§ Problem details:
Write every line of the material again exactly, with no pictures in the copy.

§ Stored data:
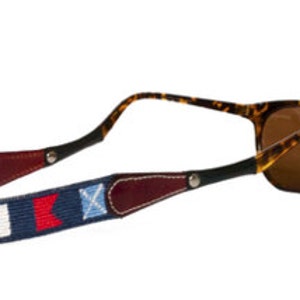 Nautical Needlepoint Sunglass Straps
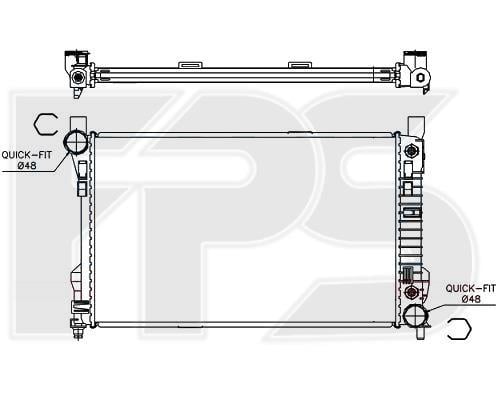 FPS FP 46 A228 Radiator, engine cooling FP46A228: Buy near me in Poland at 2407.PL - Good price!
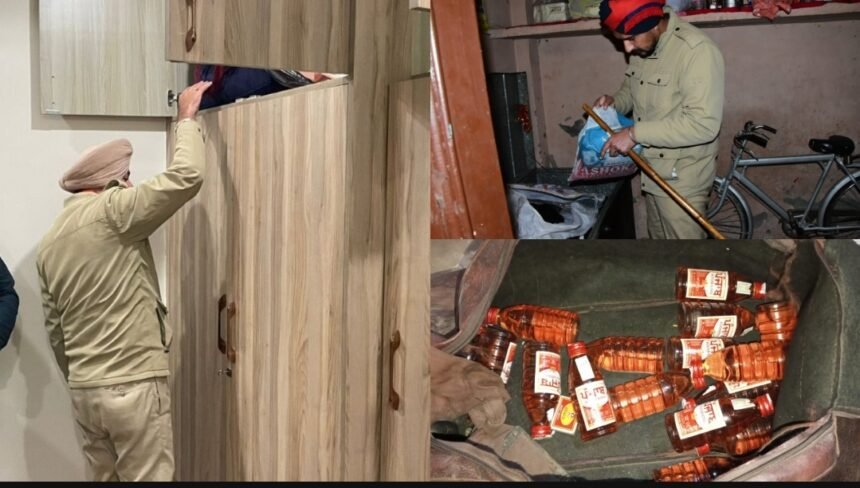 कमिश्नरेट पुलिस ने शहर में चलाया तलाशी अभियान, 47 बोतल शराब, 25100 रुपये नकद और एक्टिवा स्कूटर समेत 18 गिरफ़्तार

§ Task answer:
 Nautical Needlepoint Sunglass Straps
 FPS FP 46 A228 Radiator, engine cooling FP46A228: Buy near me in Poland at 2407.PL - Good price!
 कमिश्नरेट पुलिस ने शहर में चलाया तलाशी अभियान, 47 बोतल शराब, 25100 रुपये नकद और एक्टिवा स्कूटर समेत 18 गिरफ़्तार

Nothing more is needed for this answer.